In 2000 she went through the traumatic experience of a stillbirth.
She haemorrhaged severely and needed emergency surgery. She then spent days in ICU – where she happened to work at the time.
Ms Miller does not criticise the care she received during this time but she says that the experience opened her eyes to what critical care patients go through.
She describes how she suffered hallucinations and terrifying nightmares while still in the hospital and for a long time after, when back at home.
‘Before the experience I never anticipated that you could have hallucinations and nightmares, memory problems and flashbacks and that it feels like you are losing your mind.
As an ICU nurse I just thought “great, we’ve done our bit – the patient is alright”,’ she says.
After recovering, Ms Miller took the opportunity of a new position in critical care outreach, which provides support to ICU patients who have been transferred to other wards.

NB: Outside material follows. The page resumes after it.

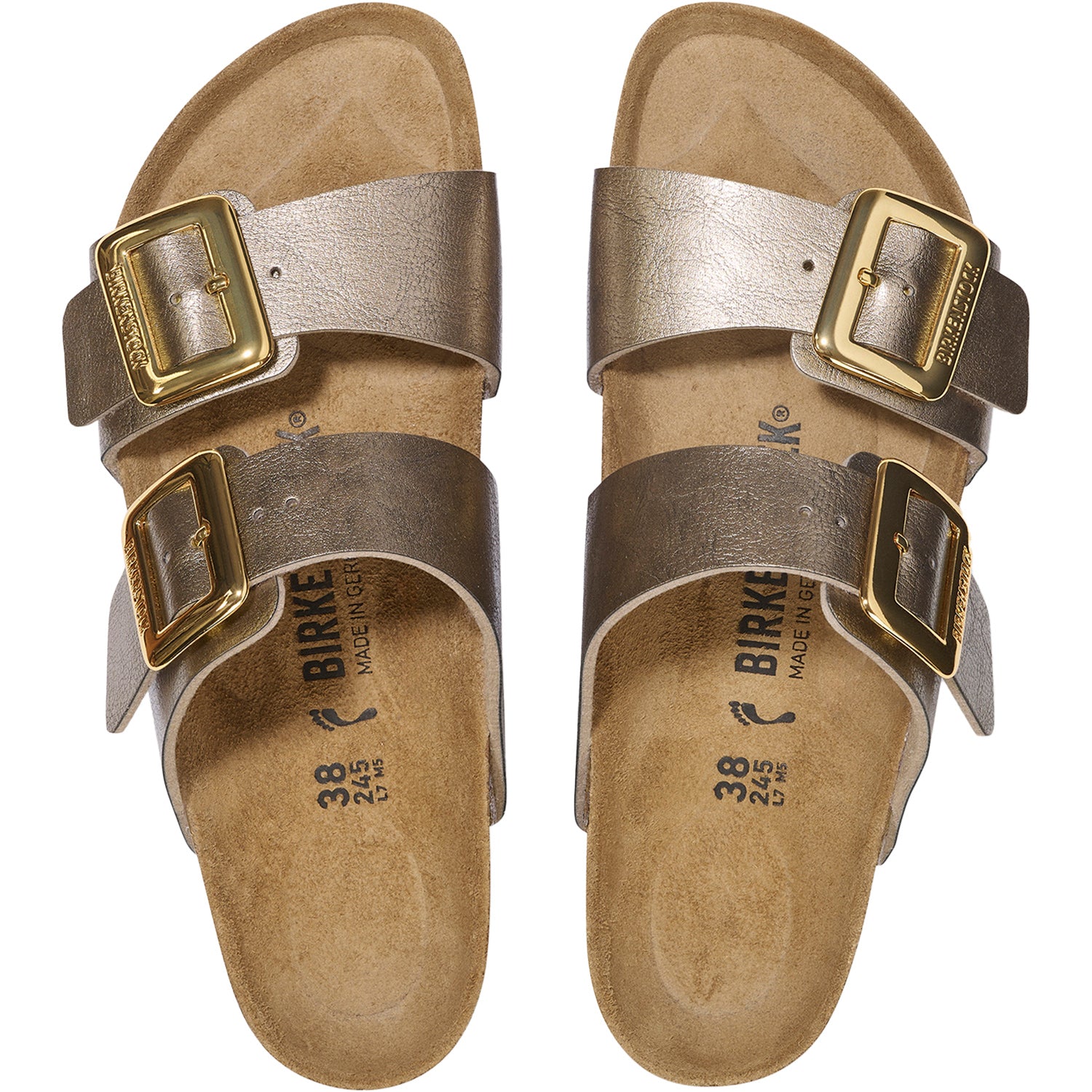 Birkenstock Sydney Luxe Buckle Women's Sandals Graceful Taupe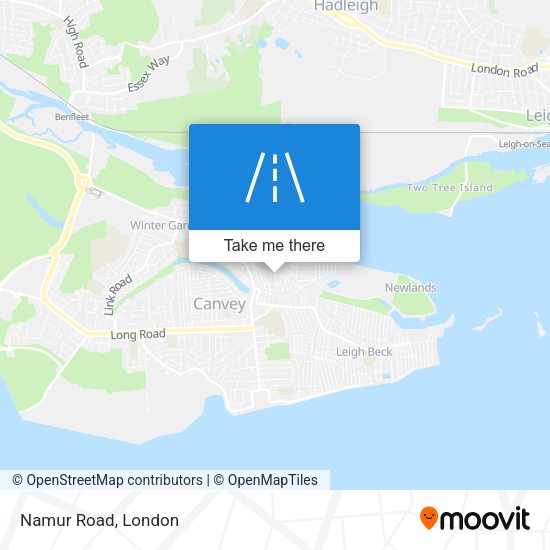 Namur Road map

‘Having had my experience I felt I could empathise much better. I felt this was my chance to make a difference,’ she says. She has since introduced a number of ways to help critical care patients through their experience. This includes patient diaries, where nurses and relatives can write down what has happened to a patient while they are sedated as a way for them to come to terms with their experience.
She also spends time with patients talking through what they may be feeling. ‘Having had my experience I can delve a bit deeper. I know exactly what I am looking for,’ she says.
Ms Miller also provides training sessions to all clinical staff on what critical care patients go through and is now producing a recovery manual for patients.
‘I think nurses need to have more awareness that being a critical care patient is a unique experience,’ she concludes.